Brief | The finished copy should match every record exactly and contain no pictures.

------ Supplied material ------

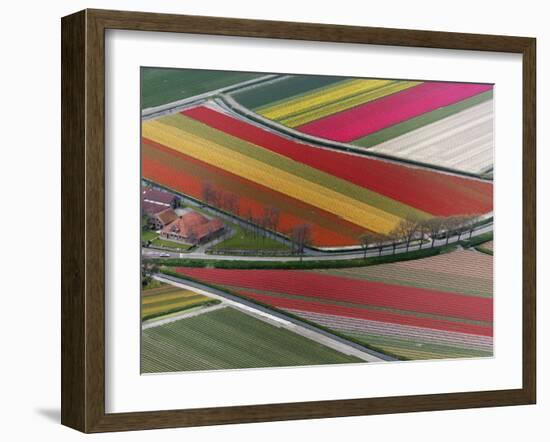 Flower field patterns surrounding Amsterdam, Holland-Adam Jones-Framed Photographic Print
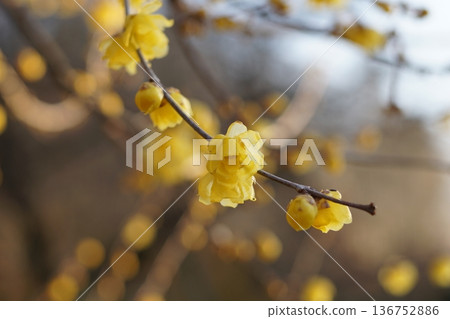 Wax plum (lobby) 136752886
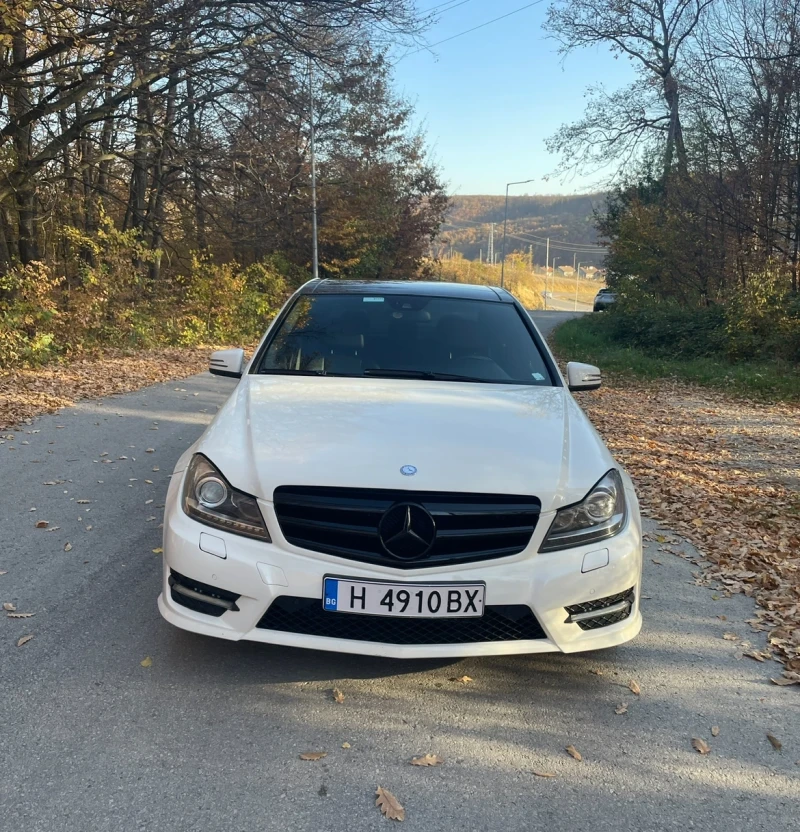 Mercedes-Benz C 300 3.0, снимка 1 - Автомобили и джипове - 47186259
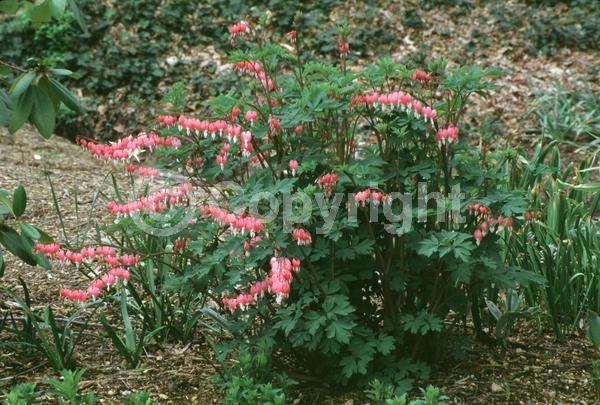 Red blooms; White blooms; Pink blooms; Deciduous; Broadleaf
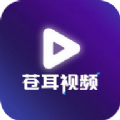 苍耳视频手机最新版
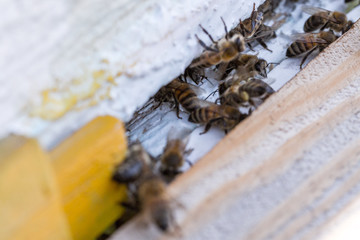 Honey bees swarm in the hive. Workers bees arrive and fly away, guard bees guard the entrance from violators.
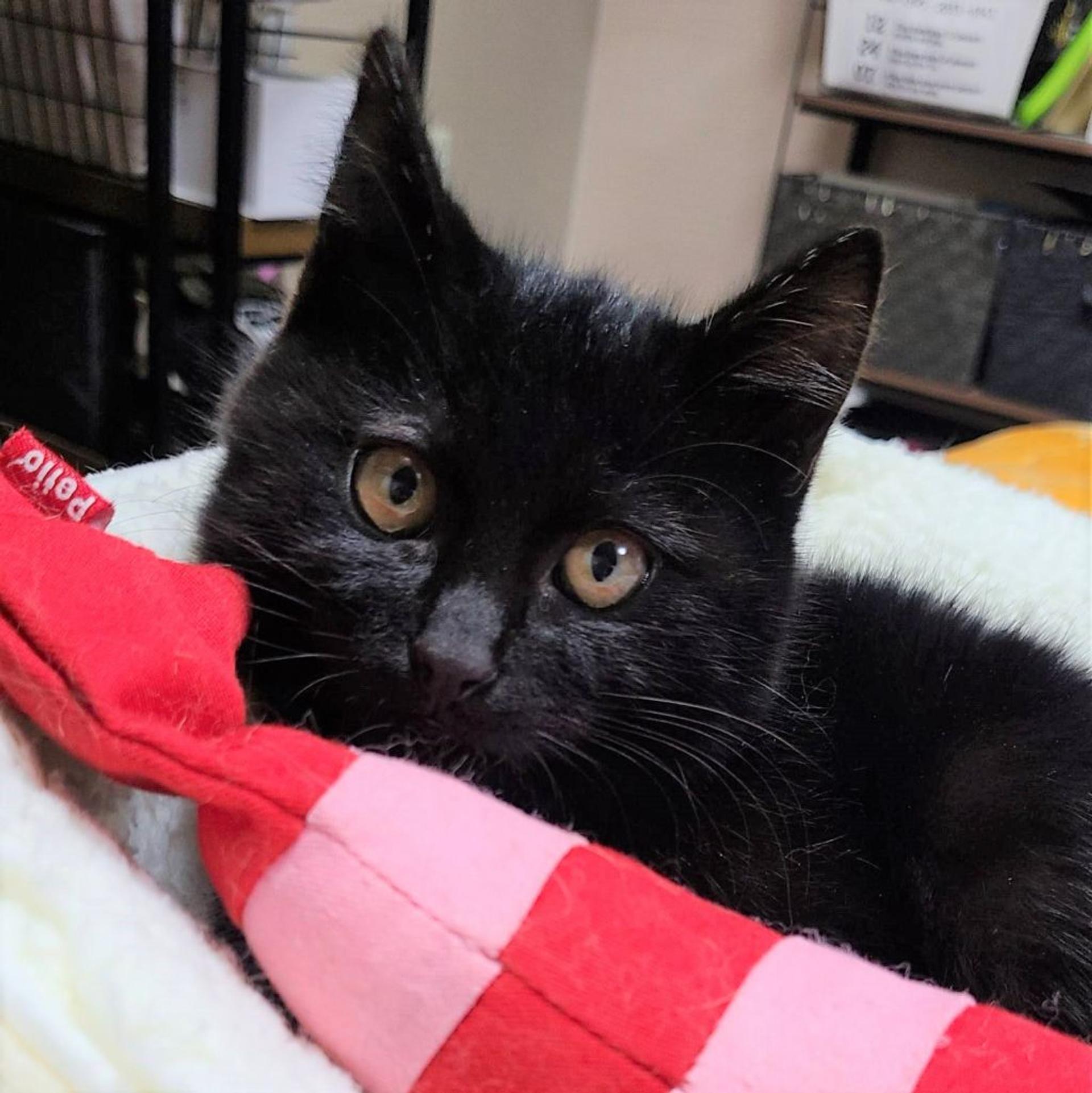 pet-image-9
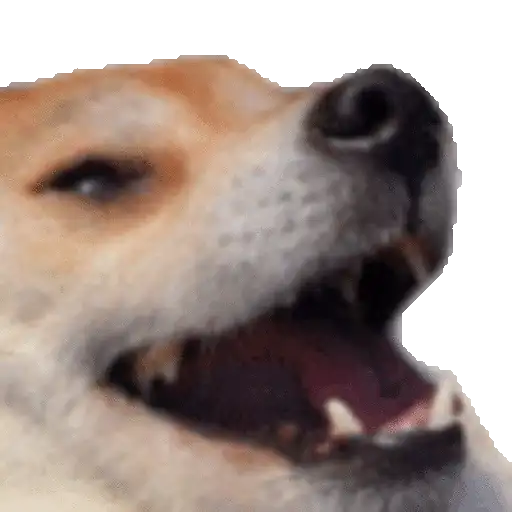Perros para el chat 🤣🐕 (jq6t5hpvxw)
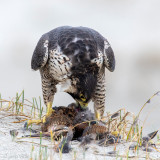 Peregrine - Slechtvalk - Falco peregrinus
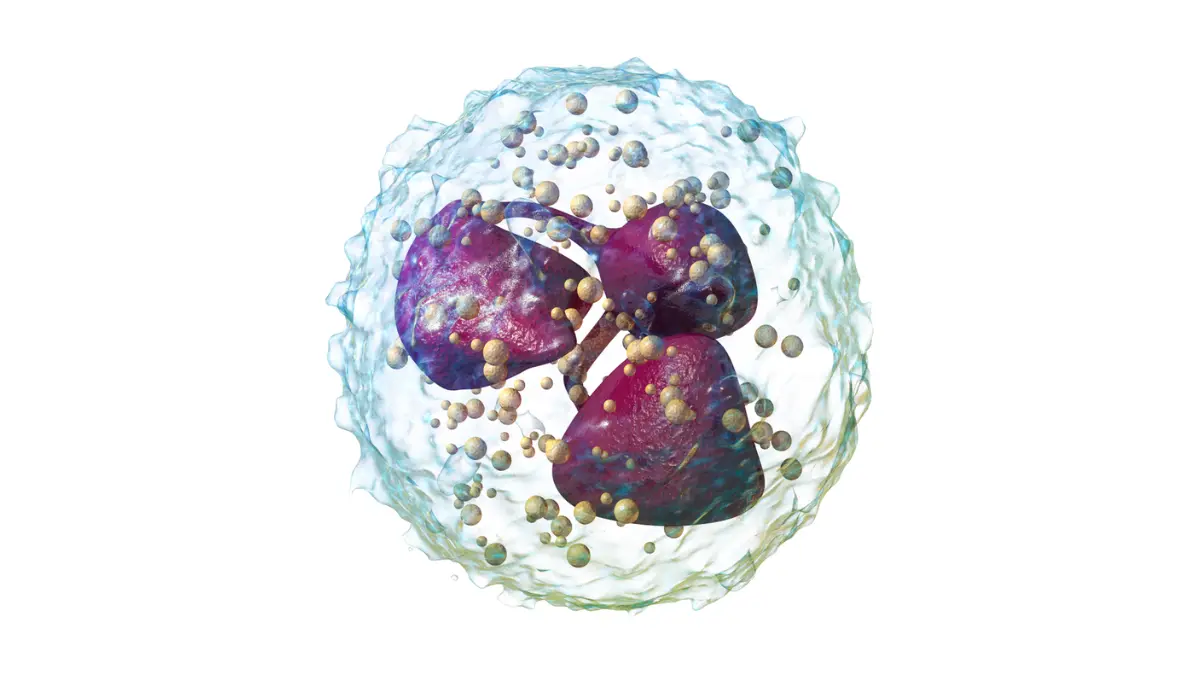 Medical illustration of a multi-lobed neutrophil cell responsible for reactive neutrophilia and a High White Blood Cell Count.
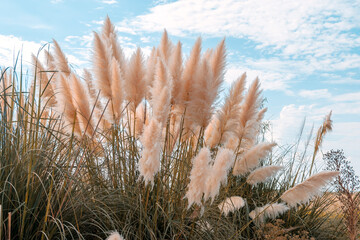Pampa Grass (Cortaderia selloana). Wild grass growing in a field with sky in the background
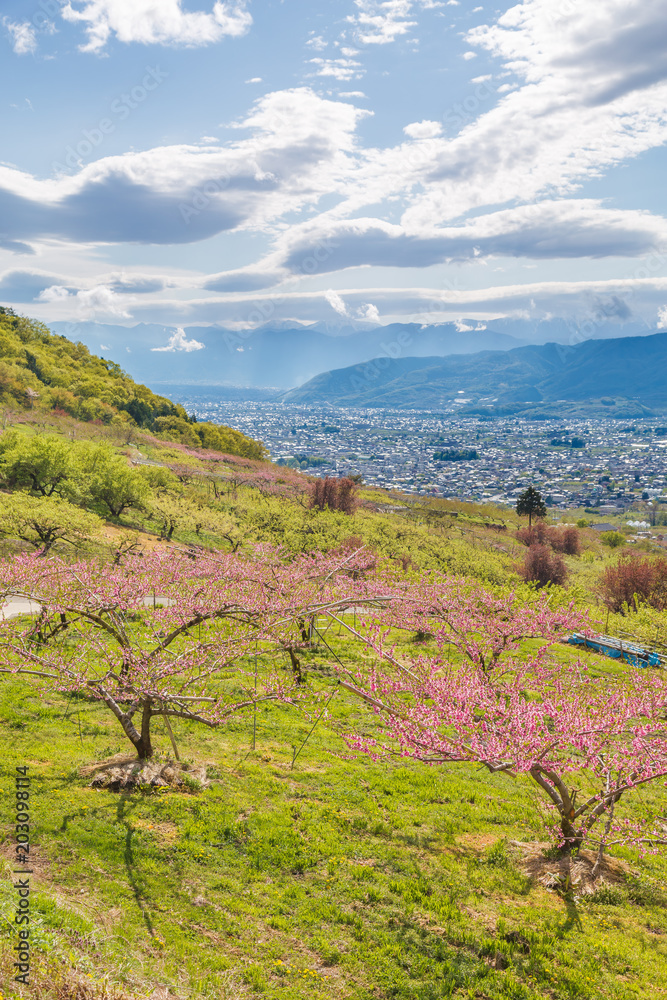 満開の桃の花と山並み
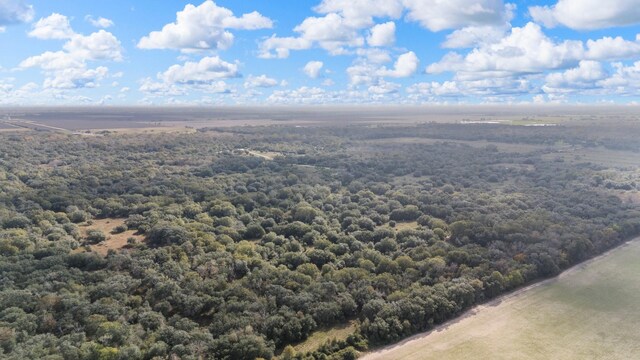 00 Dewberry Ln, Louise, TX 77455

------

Reply to the exercise |
 Flower field patterns surrounding Amsterdam, Holland-Adam Jones-Framed Photographic Print
 Wax plum (lobby) 136752886
 Mercedes-Benz C 300 3.0, снимка 1 - Автомобили и джипове - 47186259
 Red blooms; White blooms; Pink blooms; Deciduous; Broadleaf
 苍耳视频手机最新版
 Honey bees swarm in the hive. Workers bees arrive and fly away, guard bees guard the entrance from violators.
 pet-image-9
Perros para el chat 🤣🐕 (jq6t5hpvxw)
 Peregrine - Slechtvalk - Falco peregrinus
 Medical illustration of a multi-lobed neutrophil cell responsible for reactive neutrophilia and a High White Blood Cell Count.
Pampa Grass (Cortaderia selloana). Wild grass growing in a field with sky in the background
 満開の桃の花と山並み
 00 Dewberry Ln, Louise, TX 77455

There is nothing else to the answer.